We’ve all heard “big data” used as a buzz word, but what does it really mean in the case of your scientific data analysis? It turns out that what constitutes “big” is relative to the computational resources you have available to you for the project. The amount of data that is available both from modern instruments as well as from internet sources means that for many projects, the amount of data that you would like to use for your analysis exceeds the capacity of the computer that you are using. This is particularly the case if you are doing most of your analysis on your personal laptop. 8  Importing Data III: When Your Data Appetite is Bigger than Your Laptop focuses on these scenarios. It starts with discussing the different types of characteristics of a computer that make it more or less amenable to different types of data analysis projects. It then goes through the different options for using remote cloud computing resources to process data sets that exceed the capacity of your local machine.

However, before you download a fresh dataset onto the computer you’re going to use for analysis, you’re going to need to make some decisions about how that data is analyzed processed and potentially shared. It’s rather important to make these kind of decisions early on in your project, because some data sets need to be analyzed in a way that respects their protected characteristics. Think, for example, about health data or data from tribal governments, both of which need to be handled with appropriate care. In the realm of environmental data, sometimes things like the GPS coordinates of a remnant population of a highly endangered species need to be thoughtfully managed as well. If your data do not have these types of restrictions, however, the recent movement toward open data in scientific research and publishing mean that the expectation is that the datasets you work with will be shared upon publication of the related research, if not earlier. In order to make the shared data useable to others, providing appropriate documentation and metadata are key. In 9  Tearing down data walls, we go over the walls that can keep data locked away, and how to embrace open science principles to maximize the ability of your work to be built on by others.

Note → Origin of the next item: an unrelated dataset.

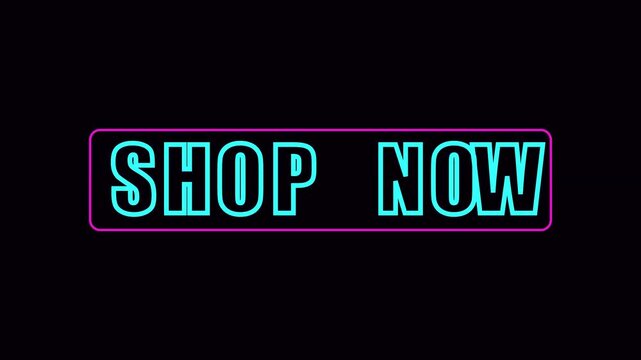 Neon shop now button animation, glowing digital call to action overlay for e-commerce marketing and sales promotion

Finally, we end this section in Chapters 10  Data Science Workflows II: Managing your computational environment and 11  Environments for Data Science II: Supplemental languages for Environmental Data Science by talking about how to track and manage your computational environment as an important component of the inputs to your analysis. Being able to re-run the code you write and get the same output on a different computer is not a given. Different operating system versions, different programming languages, and different software package versions can all make it difficult to re-run something that initially worked smoothly. This is certainly true if you are sharing your work upon publication and want to make it easier for reviewers or collaborators to understand how and what you did, but it is also perhaps most true for your own most important collaborator – yourself. We can’t tell you how many times we’ve set aside a project, only to come back to it six months or several years later and spend days getting the code functional again because the computational environment wasn’t recorded.

By the end of this section, you should have a grasp of the major ways to work with data sets of any size, either locally or in the cloud. You’ll also understand new ways in which you can ensure your data analysis efforts are reusable and reproducible, and also some best practices for handling your code and data while your working with it so as to facilitate sharing and archiving throughout your project.